→ **Problem to solve**
Your task is to find every line in the records that holds the string "Stockfoto" and copy it.

Crawled caption data:

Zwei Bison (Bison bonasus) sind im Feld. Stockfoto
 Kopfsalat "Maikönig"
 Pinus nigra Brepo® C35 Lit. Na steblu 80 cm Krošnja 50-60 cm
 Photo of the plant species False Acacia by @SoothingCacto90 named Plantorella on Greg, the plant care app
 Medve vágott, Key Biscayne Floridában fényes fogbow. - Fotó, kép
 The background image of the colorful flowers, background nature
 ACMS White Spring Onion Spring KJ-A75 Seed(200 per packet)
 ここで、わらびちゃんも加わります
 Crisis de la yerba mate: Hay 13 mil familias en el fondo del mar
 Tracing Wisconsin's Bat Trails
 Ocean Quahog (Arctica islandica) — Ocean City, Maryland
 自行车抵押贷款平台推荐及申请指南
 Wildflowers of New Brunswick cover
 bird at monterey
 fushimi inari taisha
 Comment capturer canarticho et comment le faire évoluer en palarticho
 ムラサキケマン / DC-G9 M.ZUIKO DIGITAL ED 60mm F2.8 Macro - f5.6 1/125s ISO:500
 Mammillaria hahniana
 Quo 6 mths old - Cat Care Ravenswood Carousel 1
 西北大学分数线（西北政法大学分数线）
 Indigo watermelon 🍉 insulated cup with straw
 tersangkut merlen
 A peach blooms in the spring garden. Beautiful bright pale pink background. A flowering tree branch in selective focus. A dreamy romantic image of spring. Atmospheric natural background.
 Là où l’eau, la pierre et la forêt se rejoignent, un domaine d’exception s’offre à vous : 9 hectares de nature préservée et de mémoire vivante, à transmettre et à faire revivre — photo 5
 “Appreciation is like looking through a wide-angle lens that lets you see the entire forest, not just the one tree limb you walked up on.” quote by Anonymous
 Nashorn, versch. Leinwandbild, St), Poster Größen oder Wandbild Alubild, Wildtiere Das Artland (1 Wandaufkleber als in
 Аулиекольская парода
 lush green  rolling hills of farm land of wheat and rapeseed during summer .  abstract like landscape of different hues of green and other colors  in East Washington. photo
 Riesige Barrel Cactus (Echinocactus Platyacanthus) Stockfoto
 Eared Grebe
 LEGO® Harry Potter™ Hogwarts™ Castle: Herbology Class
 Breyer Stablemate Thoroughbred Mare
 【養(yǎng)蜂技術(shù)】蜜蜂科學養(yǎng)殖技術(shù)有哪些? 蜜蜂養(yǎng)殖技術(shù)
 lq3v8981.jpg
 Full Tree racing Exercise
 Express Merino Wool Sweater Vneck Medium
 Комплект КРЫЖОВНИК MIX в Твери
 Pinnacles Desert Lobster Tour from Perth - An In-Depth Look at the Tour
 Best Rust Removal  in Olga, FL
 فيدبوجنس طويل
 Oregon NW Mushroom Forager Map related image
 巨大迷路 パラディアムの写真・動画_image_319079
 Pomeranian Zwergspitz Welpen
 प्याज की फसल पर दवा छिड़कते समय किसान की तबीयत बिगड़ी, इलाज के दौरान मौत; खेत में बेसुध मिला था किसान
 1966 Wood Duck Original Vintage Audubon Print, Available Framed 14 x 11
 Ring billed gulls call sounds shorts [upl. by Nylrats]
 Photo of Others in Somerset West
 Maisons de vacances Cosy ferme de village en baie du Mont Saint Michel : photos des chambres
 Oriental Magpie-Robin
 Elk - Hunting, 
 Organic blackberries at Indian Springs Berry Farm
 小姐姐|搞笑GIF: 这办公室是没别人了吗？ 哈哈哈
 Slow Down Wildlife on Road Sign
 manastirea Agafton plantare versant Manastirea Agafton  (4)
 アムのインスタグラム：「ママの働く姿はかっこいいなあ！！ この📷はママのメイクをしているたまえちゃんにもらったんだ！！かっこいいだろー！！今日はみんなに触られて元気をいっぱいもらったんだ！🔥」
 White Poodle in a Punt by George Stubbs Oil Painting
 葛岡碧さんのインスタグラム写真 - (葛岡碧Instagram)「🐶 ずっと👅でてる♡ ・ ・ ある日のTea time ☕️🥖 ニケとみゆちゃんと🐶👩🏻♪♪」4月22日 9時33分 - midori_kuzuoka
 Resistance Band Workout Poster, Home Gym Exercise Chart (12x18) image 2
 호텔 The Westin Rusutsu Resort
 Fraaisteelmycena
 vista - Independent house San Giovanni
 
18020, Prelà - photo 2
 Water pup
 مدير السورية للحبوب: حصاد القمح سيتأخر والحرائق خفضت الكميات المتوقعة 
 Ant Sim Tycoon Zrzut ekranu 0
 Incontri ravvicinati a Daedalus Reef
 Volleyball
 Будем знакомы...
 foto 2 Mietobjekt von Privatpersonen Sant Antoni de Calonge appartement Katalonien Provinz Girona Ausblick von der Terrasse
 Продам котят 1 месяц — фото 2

→ **Output**
Zwei Bison (Bison bonasus) sind im Feld. Stockfoto
 Riesige Barrel Cactus (Echinocactus Platyacanthus) Stockfoto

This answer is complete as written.